Кривоногий, Тан-Богораз Владимир Германович, Год: 1896
Время на прочтение: 50 минут(ы)
Владимир ТАН-БОГОРАЗ
КРИВОНОГИЙ
Эуннэкай медленно брёл по склону высокого ‘камня’, опираясь на длинное
ратовище чэруны [Чэруна — небольшой железный крюк на длинном ратовище,
употребляемый для выхватывания мелкой рыбы из воды. (Прим. Тана).] и с
трудом переставляя свои кривые ступни. Его небольшое и тщедушное тело
сгибалось под тяжестью огромной котомки, навьюченной на спину и
поддерживаемой узким ремнём, перетянутым через грудь. Товарищи ушли вперёд
со стадом и сложили свои ноши на его бессильные плечи. Участь вьючного
животного была его постоянной долей. Всё равно он не мог быть помощником при
вечной погоне за разбегающимися оленями, и ему приходилось волей-неволей
облегчать других пастухов от излишней тяжести и брать её на себя. Его левая
нога от колена до лодыжки ныла и болела, как будто хотела переломиться.
Спина тоже ныла, уродливая грудь, выгнутая, как у птицы, сжималась, словно в
тисках. Ремень от котомки скатывался на шею и душил, как петля.
Ноша Эуннэкая имела такие почтенные размеры, что не всякий вьючный олень
мог бы её нести. Тут было бесчисленное множество обуви, которая во время
летних скитаний по острым камням хребтов так и горит на ногах пастухов,
несколько перемен меховой одежды, три верхних балахона из невыделанной
оленьей кожи, несколько длиннейших ратовищ, подобных тому, которое Эуннэкай
держал в руках, большой котёл, копьё, пара больших ножей в треть метра
длиной.
Несмотря на то что июльское солнце палило отвесными лучами даже вечно
холодные камни Станового хребта, Эуннэкай был одет в неизменную меховую
рубаху и такие же шаровары, а голова его была покрыта рыжей шапкой из шкуры
двойного пыжика. Эуннэкай так привык к этой одежде, что рассматривал её как
свою природную шкуру. От зноя он не страдал. Тенантумгин, олений бог, давший
всем зверям косматую одежду, одарил её чудесной способностью — летом линять
и становиться тоньше, чтобы обладатели её не слишком страдали от жара.
Эуннэкай был создан нагим и должен был сам придумывать для себя защиту от
изменчивости стихий, и, конечно, его выдумка не отличалась таким
совершенством, как создание великого родоначальника и творца полярной земли.
Эуннэкай шёл и раздумывал.

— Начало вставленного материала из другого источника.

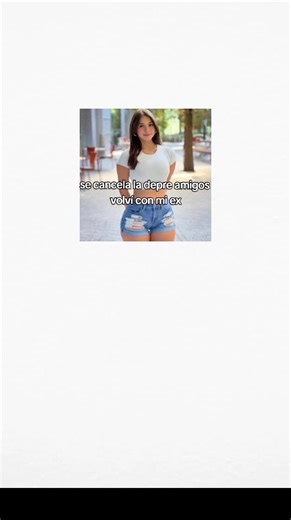 Volver con un Ex: Se Cancela la Depresión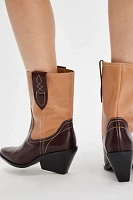 Pitchfork Point Western Boots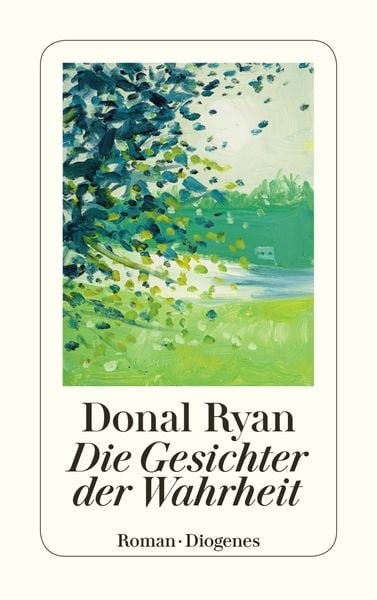 Produktbild: Die Gesichter der Wahrheit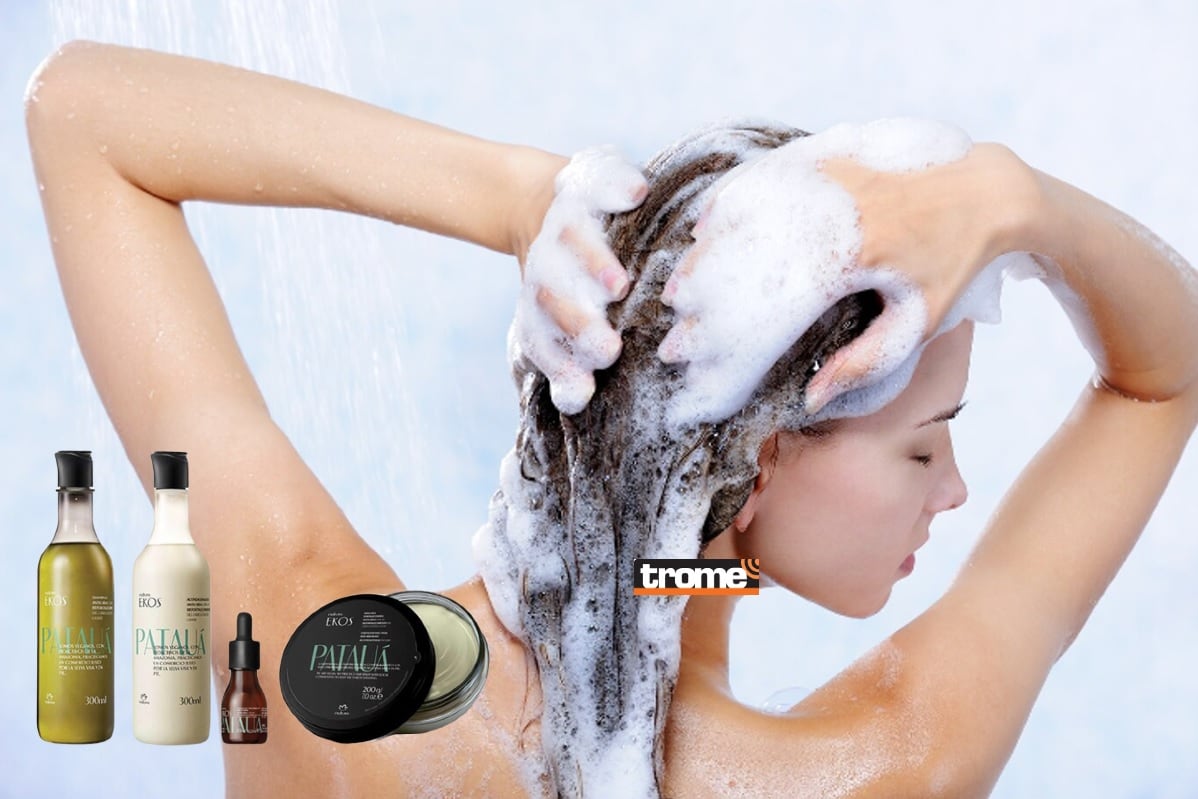 Hay productos que ayudan a cuidarlo. (Isabel Medina / Valuavitaly / Trome).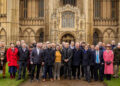 Peterborough Cathedral appeals for cash before easter - News for Peterborough and Cambridgeshire News for Peterborough and Cambridgeshire -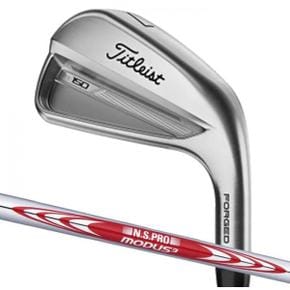 3433654 Titleist 타이틀리스트 2023 T150 아이언 N.S.PRO MODUS3 TOUR 단 IA3310160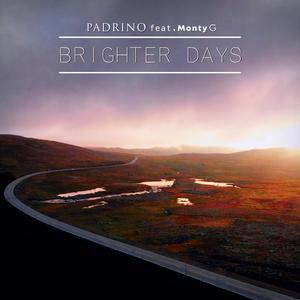 Brighter Days (feat. Monty G)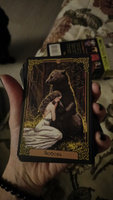 Таро Зеленого пути. True Witch Tarot. Изумрудная магия | Флорел Мид #8, Виктория В.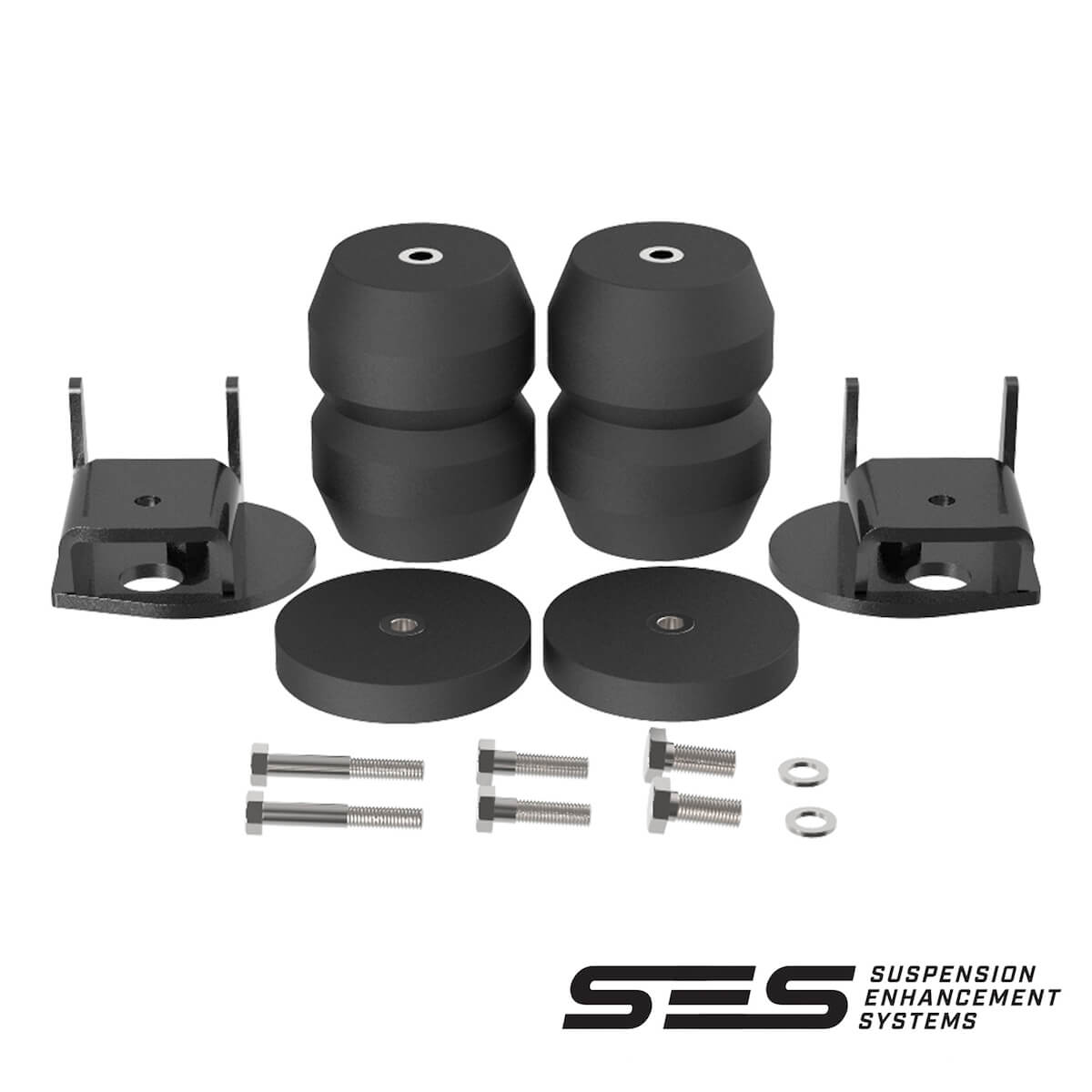 Timbren SES Rear Kit - Fits 2010-14 Ford F-150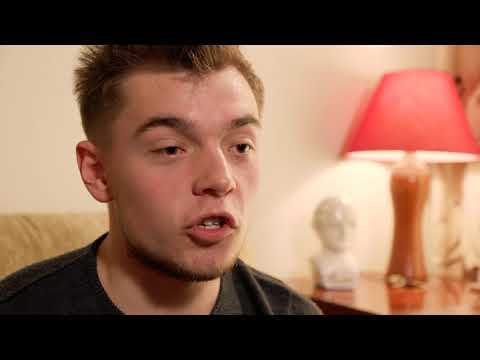 Mind The Carer Fix on ITV News Anglia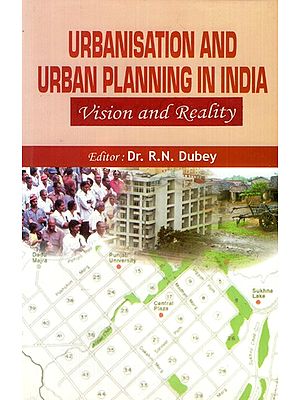 Urbanisation and Urban Planning In India- Vision And Reality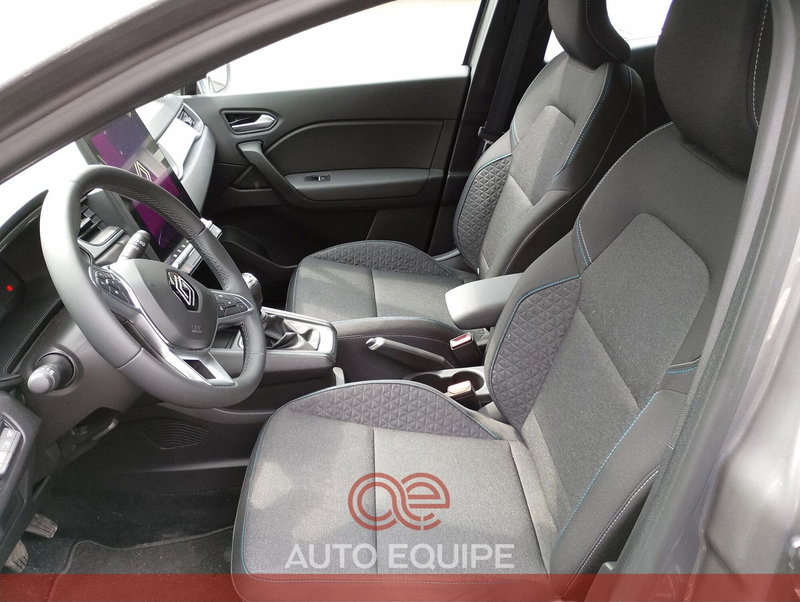 Renault Captur usata a Firenze (5)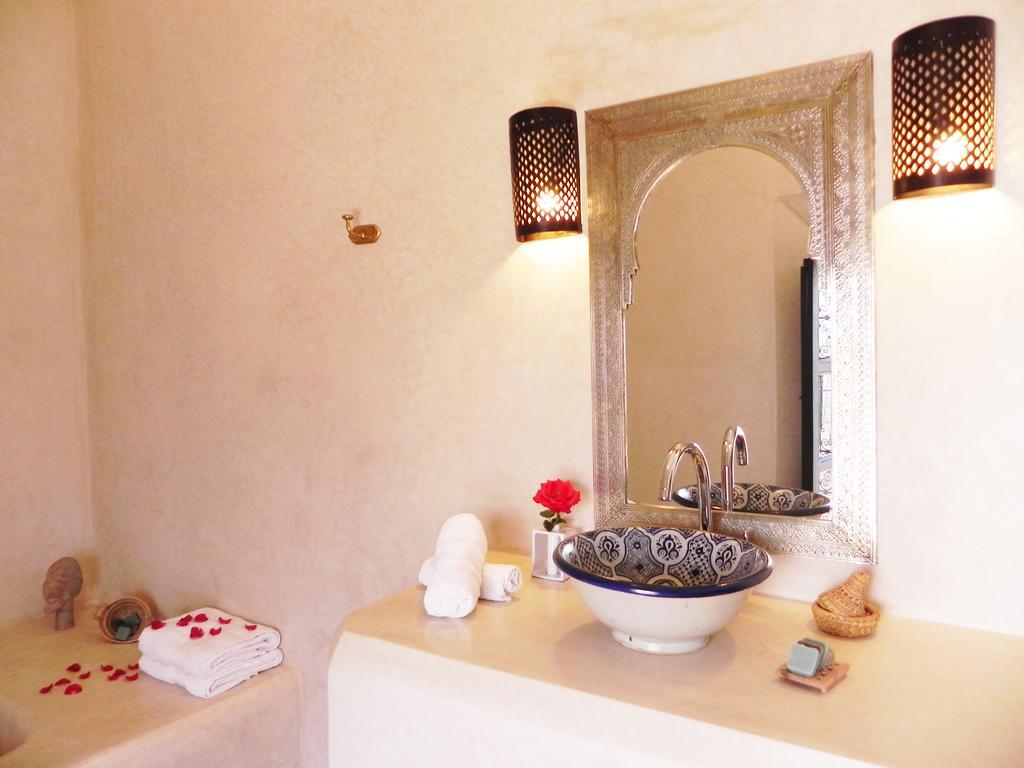 Riad Chez L'Africain Marrakesh Phòng bức ảnh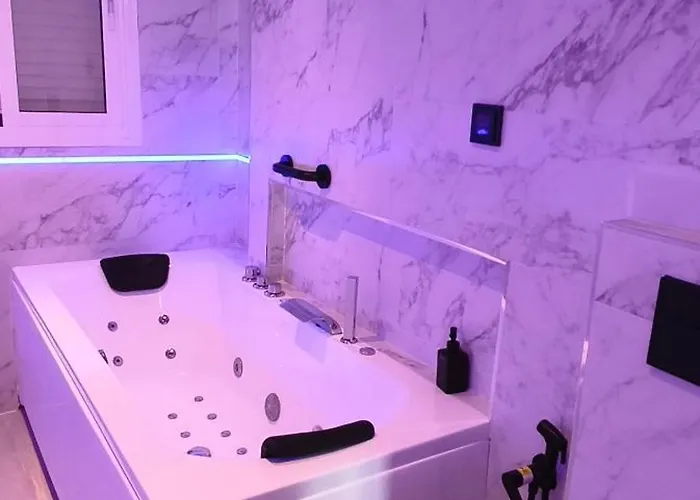 Aqua&sol - Hidromasaje Wifi Centro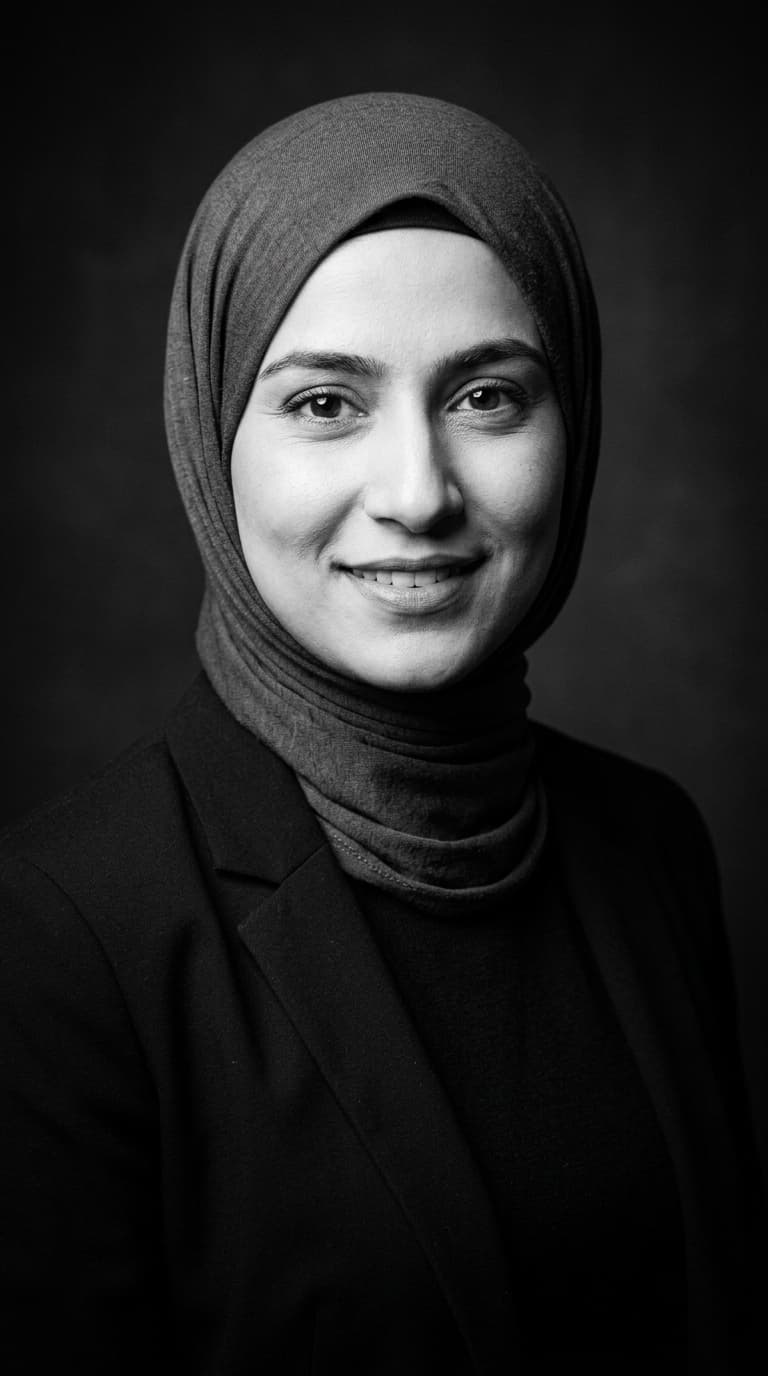 Noor F.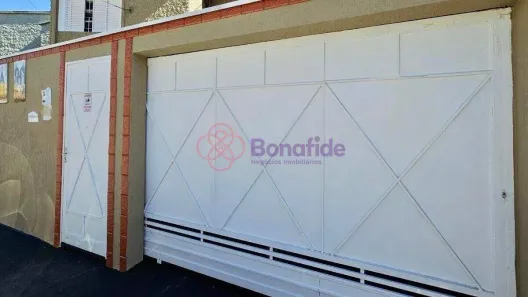 Casa com 3 Quartos à venda, 126m² no Vila Garcia, Jundiaí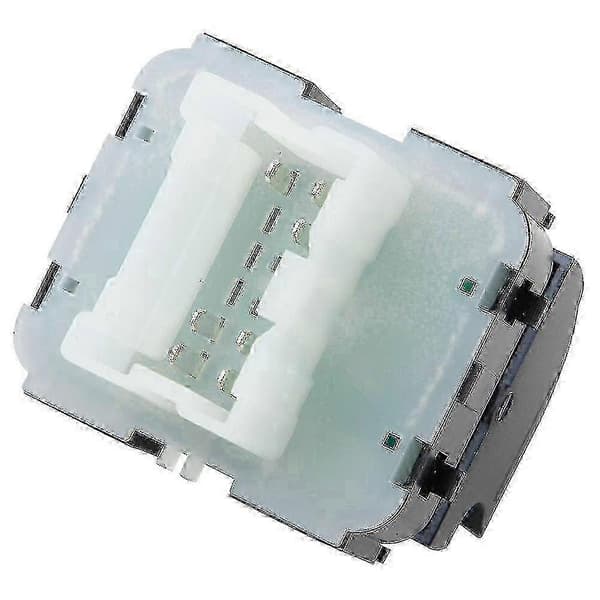 254118722r Vindusbryterløftere for Renault Clio Mk4 Trafic Mk3 Kangoo Mk3 og Captur Mk1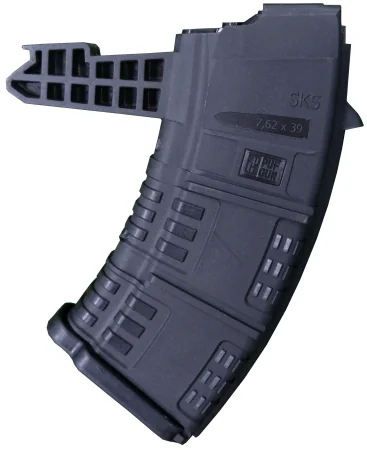 Магазин СКС, Mag SKS762 30-20/B "PUFGUN"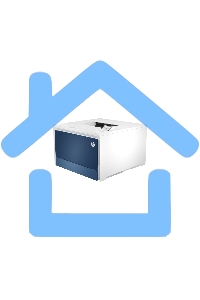Принтер лазерный HP Color LaserJet Pro 4203dn (4RA89A), A4, цветной, печ. 33 стр/мин., 600x600 dpi, USB, Ethernet RJ-45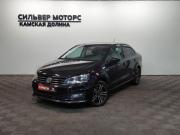 Volkswagen Polo V Рестайлинг Пермь  - изображение 25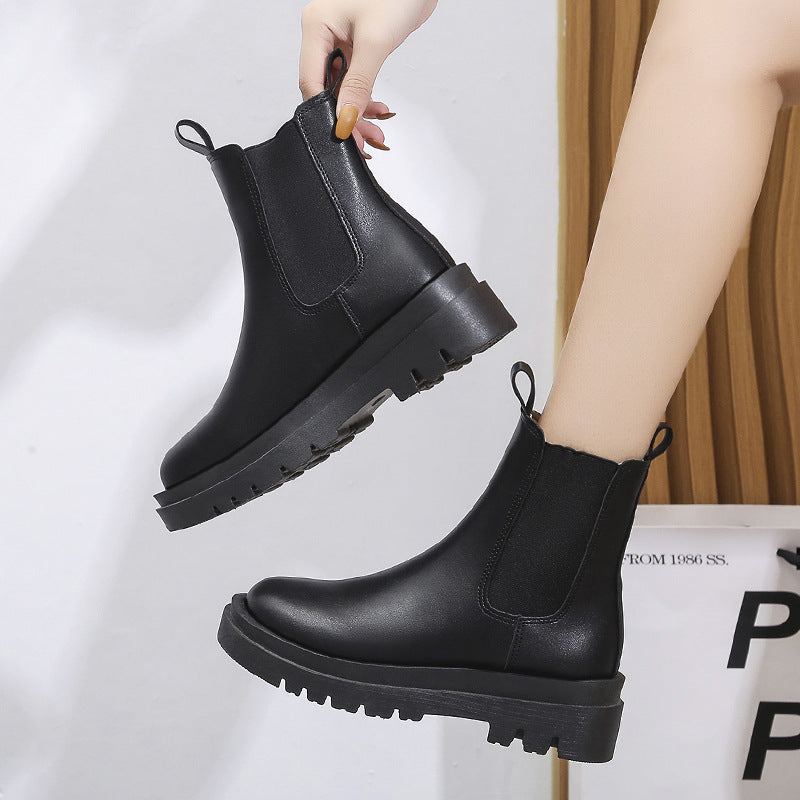 Classic Tall Boots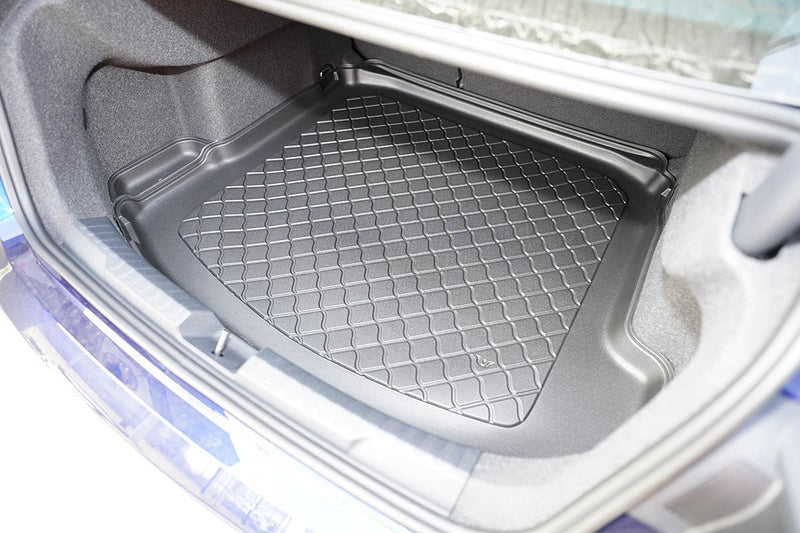 Covoraș de portbagaj Aristar® pentru plasa laterală Audi A3 8Y Sedan (2020+)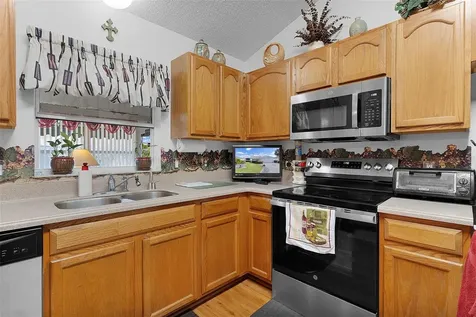 1115 Salido Avenue The Villages FL 32159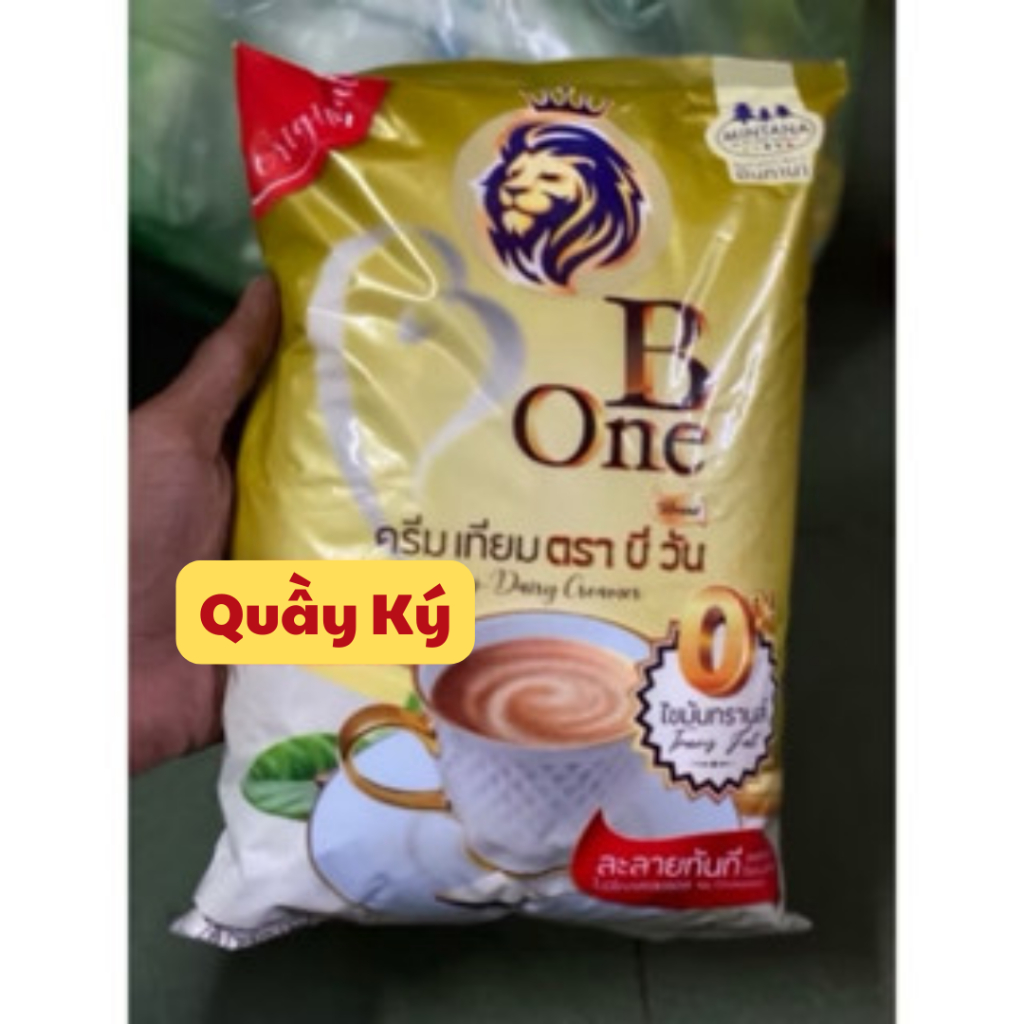 Bột Kem Béo Bone - Thái Lan 1kg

С тех пор как он обглодал последнюю косточку,
брошенную его братом Каулькаем, из которой он пытался извлечь ещё
какой-нибудь съедобный материал, мясо не касалось его уст. Впрочем, он не
очень страдал от голода. Чукчи вообще едят раз в день, а молодые люди,
пасущие стада, сплошь и рядом голодают по два и по три дня, особенно в
летнее время. Эуннэкай привык рассматривать голод как нормальное условие
своей жизни. И в этом отношении он тоже был выносливее своих оленей.
Солнце поднималось выше и выше, а шаг Эуннэкая становился всё медленнее.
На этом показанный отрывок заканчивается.